The Bridge Collection
From Uncut Magazine comes word of “The Bridge Collection”, a compilation of 20 years' of concerts. Comprising 80 tracks, it will include Crosby, Stills & Nash, Bruce Springsteen, Green Day, Lou Reed, Metallica, Pearl Jam, Red Hot Chili Peppers, R.E.M., Smashing Pumpkins, The Pretenders, Wilco and Radiohead’s Thom Yorke.
The songs will be available only as downloads on iTunes.
Uncut’s music editor John Mulvey explains the significance:
“This is fantastic news. Young has been promising to unlock his library of unreleased material for years now, only to be distracted by new projects. The appearance last month of his Live From The Fillmore East [1970] set was pretty significant.

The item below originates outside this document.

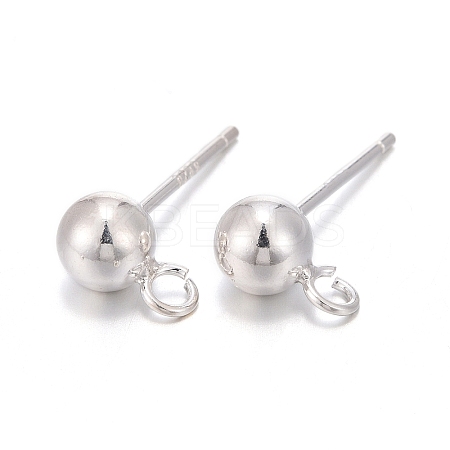 925 Sterling Silver Stud Earring Findings STER-S002-50-1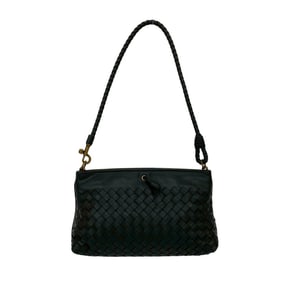BOTTEGA VENETA Intrecciato Leather Semi-Shoulder Bag/Mini Tote Bag, Black, 448-1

"But The Bridge Collection is a monument to Young's influence over generations of rock's finest, and further evidence that - following the streaming of Living With War earlier this year - that he's become an unlikely internet proselytizer. “
More on the Bridge School Benefit Concerts over the years.
3 Comments:
The songs will be available only as downloads on iTunes.
what kind of crap is that? All itunes does is slow my computer down to a crawl..... guess I won't be hearing this stuff. What's next, a Victoria's Secret add, or an album sold exclusively through Starbucks? this sucks, imo......
This might be the first iTunes only thing I've ever been inclined to buy. If it is available song by song I wonder how many will download all 80. I'm sure there will be some incentive to buy all 80 instead of just a portion.
At .99 cents a song that is a lot for one album. I've never bought an entire album on iTunes before. I only use it to add the odd song on impulse.
Selling an album on iTunes is more profitable and I presume this will mean more money going to charity in this case.
The future is digital content distribution. You can sit in your house and listen to you LPs and 78s or ride around in your car grooving to your 8 track, but it won't change the world. People have proven willing to sacrifice fidelity for portability and prefer convience and durability over the cachet and tactileness of vinyl.